Chris A. Triebel writes:
>> > Allegro to have "DirectX driver support." DirectX was made specifically for
>> > Windows95 to allow Windows95 programmers to have Direct access to the
>> > computer's hardware, without writing any hardware spcific code. There is no
>                        ^^^^^^^^^^^^^^^^^^^^^^^^^^^^^^^^^^^^^^^^^
>Wasn't that the point of SVGA? ( really is a question for my own 
>clarification ).

Not quite :-) I'll have a go at some clarification on this: there seems
to be a lot of confusion about this!

An SVGA chip is one that support more resolutions than the standard IBM
VGA card, most frequently the 640x480, 800x600, and 1024x768 256 color
modes, plus in some cases also even higher resolutions or ones with more
than 256 colors. Lots of different graphics manufacturers built such
cards, and they all implemented them in different ways. They are all
based on the VGA chipset, so they have a lot in common, but the ways in
which you access the higher resolutions differ in every card. Hence the
Allegro drivers for some specific chipsets like Cirrus, S3, and Tseng.

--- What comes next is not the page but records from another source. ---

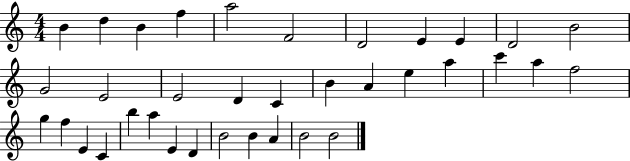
{
  \clef treble
  \numericTimeSignature
  \time 4/4
  \key c \major
  b'4 d''4 b'4 f''4 | a''2 f'2 | d'2 e'4 e'4 | d'2 b'2 | \break g'2 e'2 | e'2 d'4 c'4 | b'4 a'4 e''4 a''4 | c'''4 a''4 f''2 | \break g''4 f''4 e'4 c'4 | b''4 a''4 e'4 d'4 | b'2 b'4 a'4 | b'2 b'2 | \break \bar "|."
} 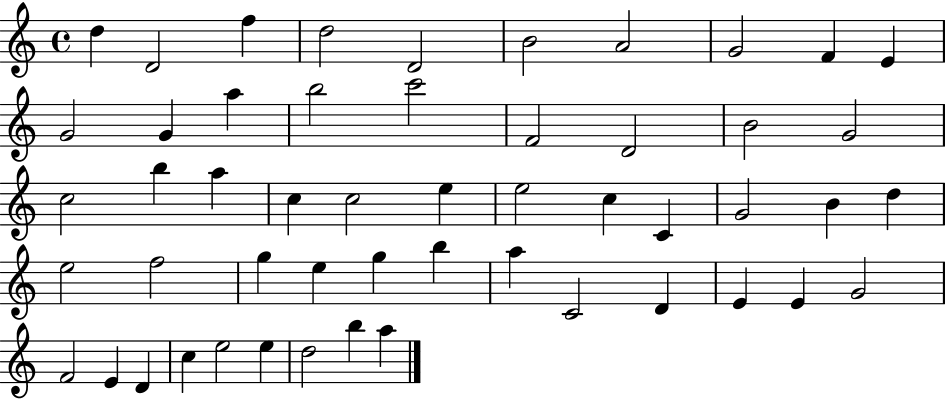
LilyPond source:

{
  \clef treble
  \time 4/4
  \defaultTimeSignature
  \key c \major
  d''4 d'2 f''4 | d''2 d'2 | b'2 a'2 | g'2 f'4 e'4 | \break g'2 g'4 a''4 | b''2 c'''2 | f'2 d'2 | b'2 g'2 | \break c''2 b''4 a''4 | c''4 c''2 e''4 | e''2 c''4 c'4 | g'2 b'4 d''4 | \break e''2 f''2 | g''4 e''4 g''4 b''4 | a''4 c'2 d'4 | e'4 e'4 g'2 | \break f'2 e'4 d'4 | c''4 e''2 e''4 | d''2 b''4 a''4 | \bar "|."
} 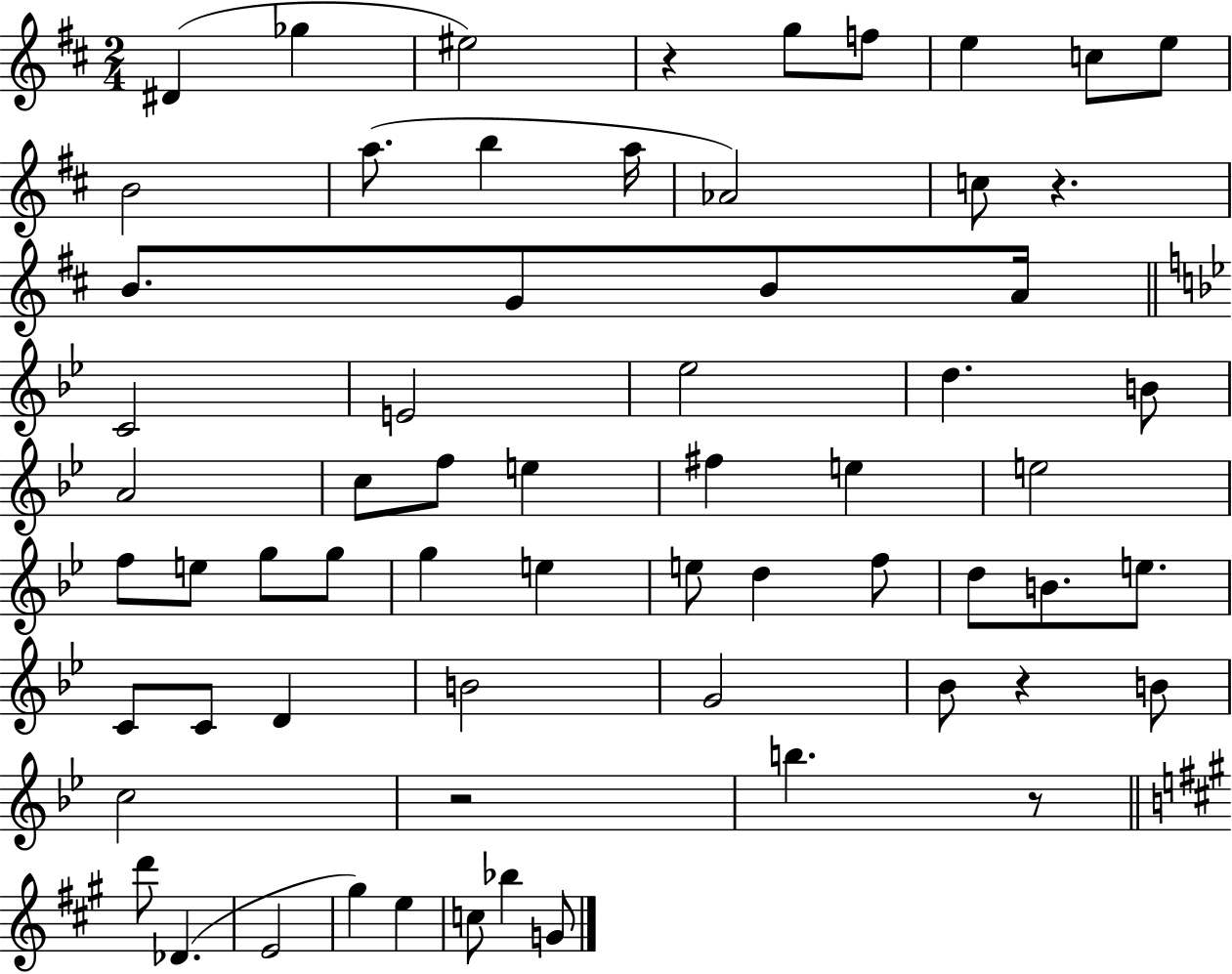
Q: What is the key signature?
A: D major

In an attempt to standardise this mess, the VESA standard was designed.
This is a software interface (not _not_ hardware, people who say they
have VESA in hardware are wrong, and really just mean that it is built
into their ROM BIOS rather than being loaded as a TSR). VESA lets you do
all the basic things (setting video modes, scrolling, and accessing
video memory), in the same way on any card, which is pretty cool.

>My impression ( right or wrong ) of DirectX is that it an attempt to create
>an interface IN HARDWARE for doing complicated tasks like drawing boxes, 
>circles, flood fills ... Thus taking the burden of calculation and 
>generation off of the shoulders of the main processors and FP facilities.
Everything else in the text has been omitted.